The criminal defense attorneys at McNeely Stephenson said that too many people who have made mistakes are being punished well beyond a reasonable period.
New Albany, Indiana, July 12, 2019 (GLOBE NEWSWIRE) -- Driving while intoxicated is a common yet sometimes serious criminal charge. Though the problem of drunk driving is well-known and relatively widespread, the attorneys at Kentuckiana criminal defense law firm McNeely Stephenson said that people still deserve redemption for their mistakes.
“There is little sympathy for people convicted of a DUI,” said Marc Tawfik. “Depending on the state in which one lives, one could face consequences for a bad decision for an entire decade. It’s worth asking whether this is an approach that encourages people to reform themselves.”
McNeely Stephenson represents clients in Indiana and Kentucky, the latter of which has lengthened the so-called look back period from five to 10 years. In other words, if you are convicted of a DUI in Kentucky, that charge must stay on your record for 10 years before it can be expunged. The attorneys said that this is a serious challenge for people to turn their lives around.
“Driving while intoxicated is a serious violation of our law,” said Larry Church. “Our collective goal should be preventing drunk driving.
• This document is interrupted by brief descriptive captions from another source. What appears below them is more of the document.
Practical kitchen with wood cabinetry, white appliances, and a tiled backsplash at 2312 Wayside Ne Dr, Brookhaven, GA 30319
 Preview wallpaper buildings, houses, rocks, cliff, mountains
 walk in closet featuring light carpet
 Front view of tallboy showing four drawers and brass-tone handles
By making it harder for people with DUIs to move past their mistakes, we’re effectively making it more difficult for them to get jobs, find housing and receive an education. That’s not a path to redemption.”
People with a criminal record not only face legal punishments for their crimes, they also face difficulties in many of life’s opportunities, including loans, education, housing and employment. These are known as collateral consequences, and many criminal justice reform advocates believe that these difficulties make it more challenging for someone to move past mistakes they have made.
The attorneys at McNeely Stephenson said that reforms aimed to deter drunk driving, such as Kentucky’s extended look back period, make the path to redemption unreasonably difficult.
“There is a deep stigma against people charged with drunk driving,” Church said. “Like anyone else charged with a crime, they will be punished. What we want to avoid is making the justice arbitrarily harsh for some offenders and not for others. Everyone deserves a chance to reform themselves, including those convicted of a DUI.”